The University of Chicago has a rich history of setting a foundation for students that go on to become successful in the social sciences.
That is exactly the case with Alexi Giannoulias.
Attending the University of Chicago for only his first-year of undergraduate studies, 1994–1995, he became a well-known politician in Illinois as the state treasurer from 2007–2011, as the Democratic nominee for U.S. Senate in 2010, and as the current chairman of the Illinois Community College Board.
What the University of Chicago is not known for is setting the foundation for professional-caliber athletes.
Yet, it set the foundation for Alexi Giannoulias.
He has played professionally in Greece with Panionios, at the DI level with Boston University, and most notably, with President Barack Obama.
Still, before all that, he was an asset to the Maroon squad.
In his only season as a Maroon, Giannoulias became the first ever first-year to lead the team in scoring (16 points per game), field-goal percentage, and 3-point percentage.
He was also the team’s second-leading rebounder, and his talents garnered him 2nd Team All-UAA status. Needless to say, he was the team MVP.
Despite the success, he would not have had the opportunity to be a Maroon had it not been for then-assistant coach and current head coach Mike McGrath.
“He spent a lot of time coming to my games,” Giannoulias said. “I liked his nature. He was always aggressive.

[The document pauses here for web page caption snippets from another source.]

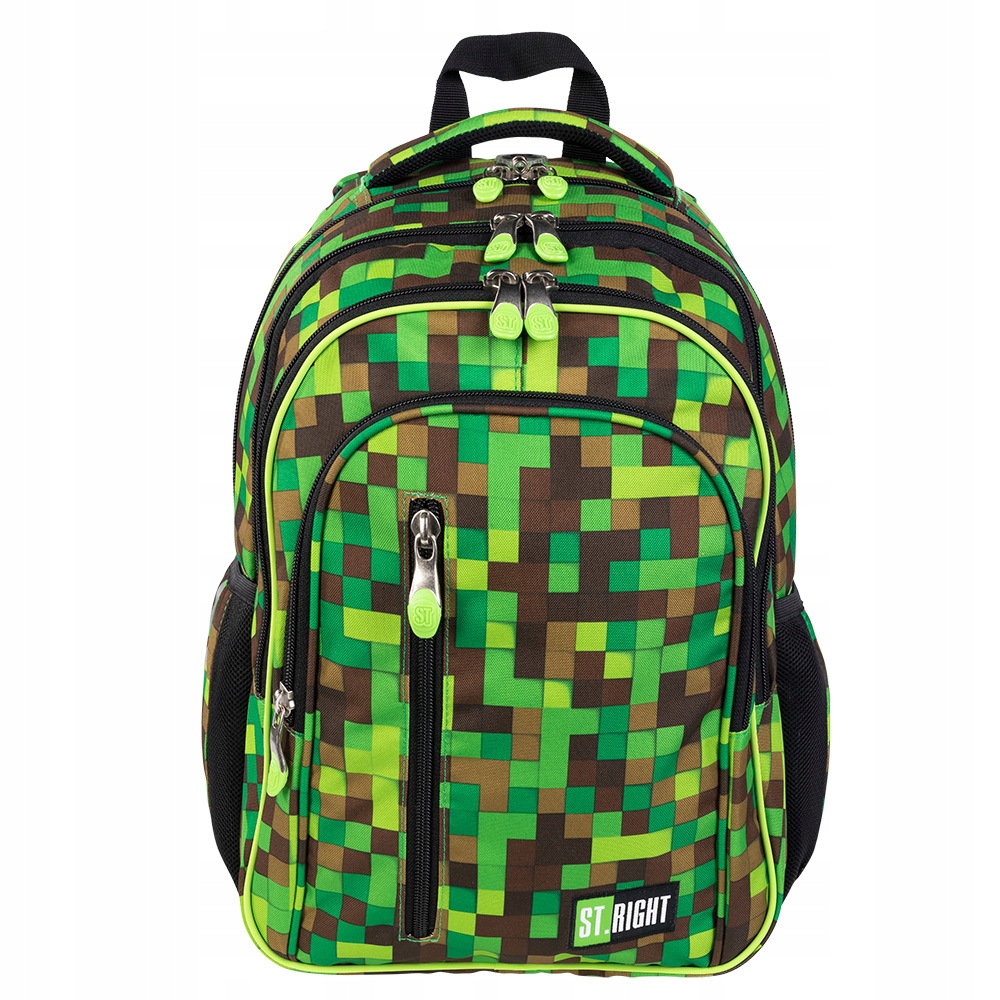 Multi -Chamber School Backpack St.right Shades of Green 22 L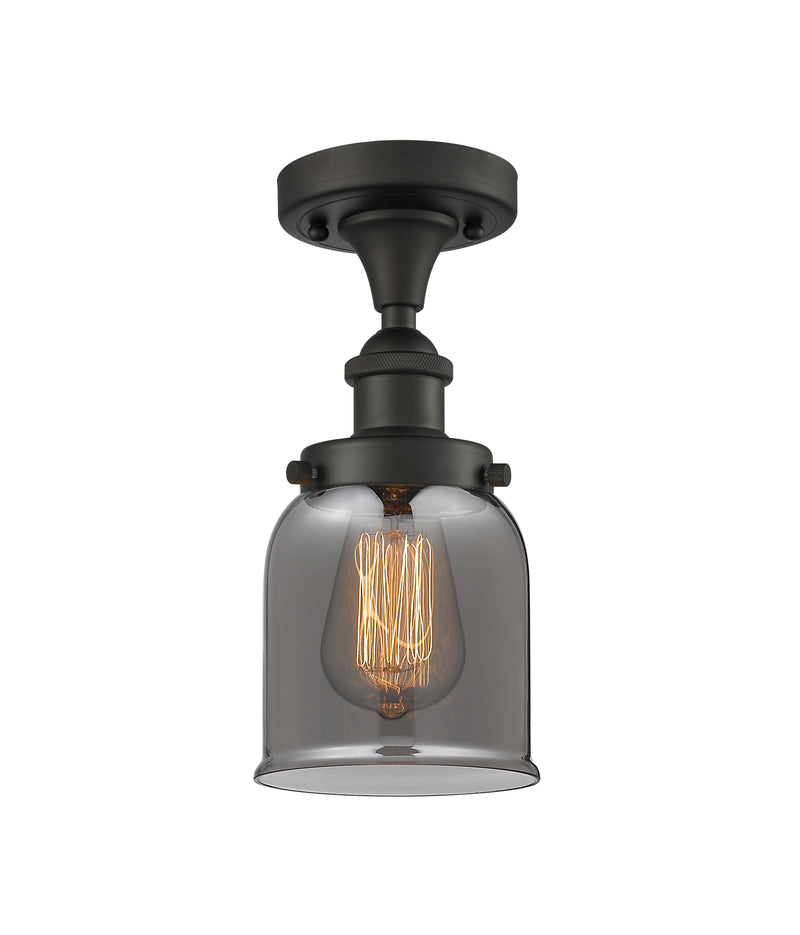 Bell Semi-Flush Mount shown in the Oil Rubbed Bronze finish with a Plated Smoke shade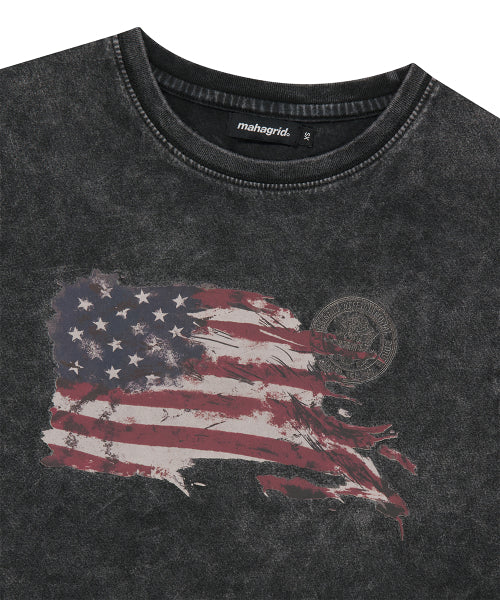 WASHED FLAG CROP TEE - 2 COLORS BLACK
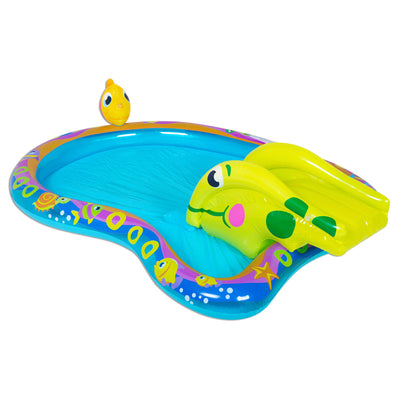 Banzai Shade 'N Slide Turtle Inflatable Kiddie Splash Pool Set (Open Box)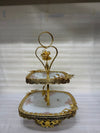 Heart Frame Luxury 2-Tier Glass Platter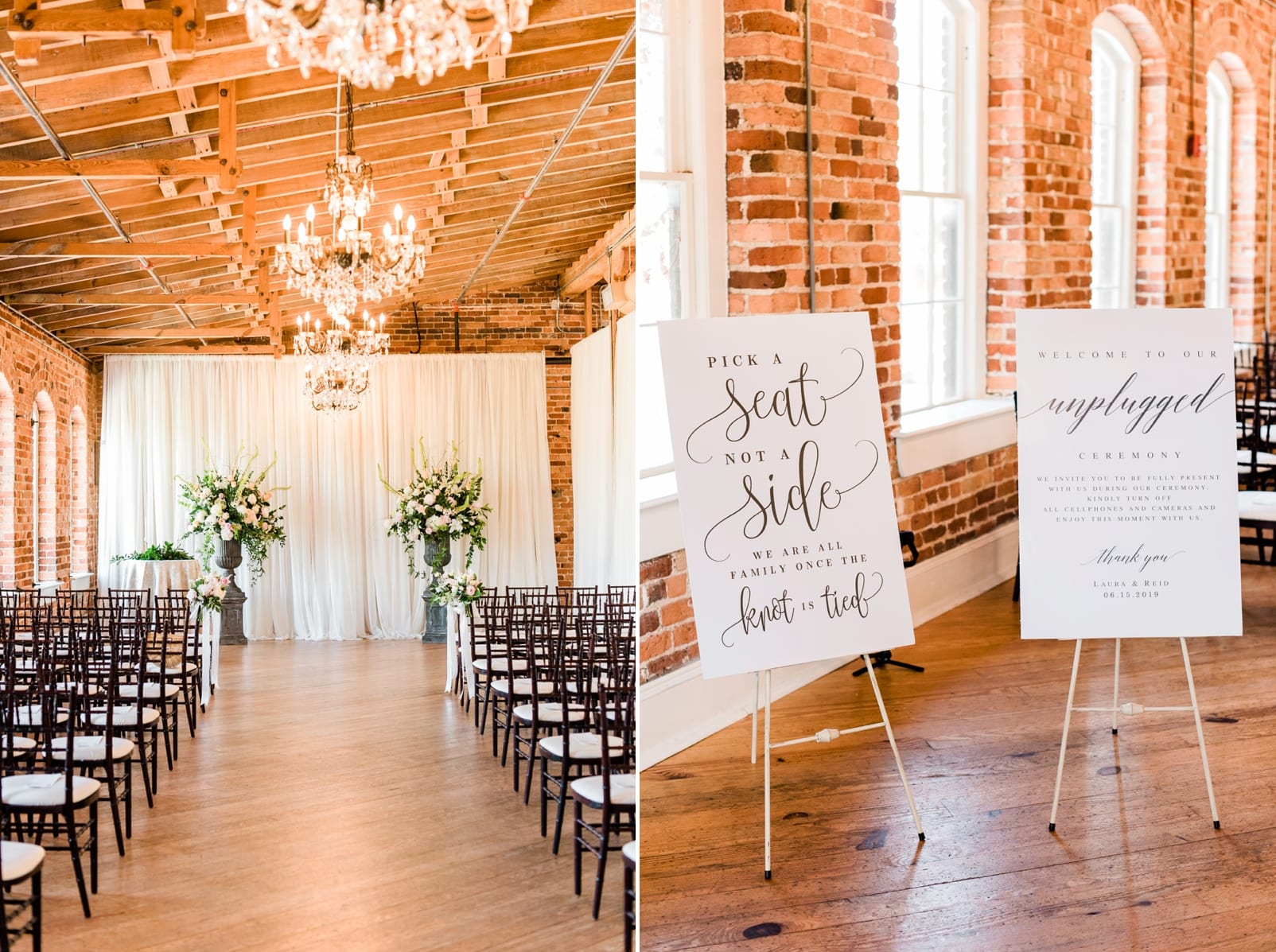 Melrose Knitting Mill wedding ceremony with crystal chandeliers and exposed red brick photo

He wanted to build a bigger, better program.”
McGrath said he knew Giannoulias had the talent to play DI basketball, but that did not stop him from pursing the standout student-athlete.
“I just thought [Chicago] was a better fit for him in terms of the kind of experience he would have, the kind of education he would have, and the kind of role he would have on the team,” McGrath said.
And Giannoulias agreed.
“The thought of staying and playing in Chicago was very important to me,” he said. “I got to know some of their incoming freshmen, and I was excited about that particularly, to be a part of something special, and obviously the University of Chicago, being the academic powerhouse that it was, played a large role.”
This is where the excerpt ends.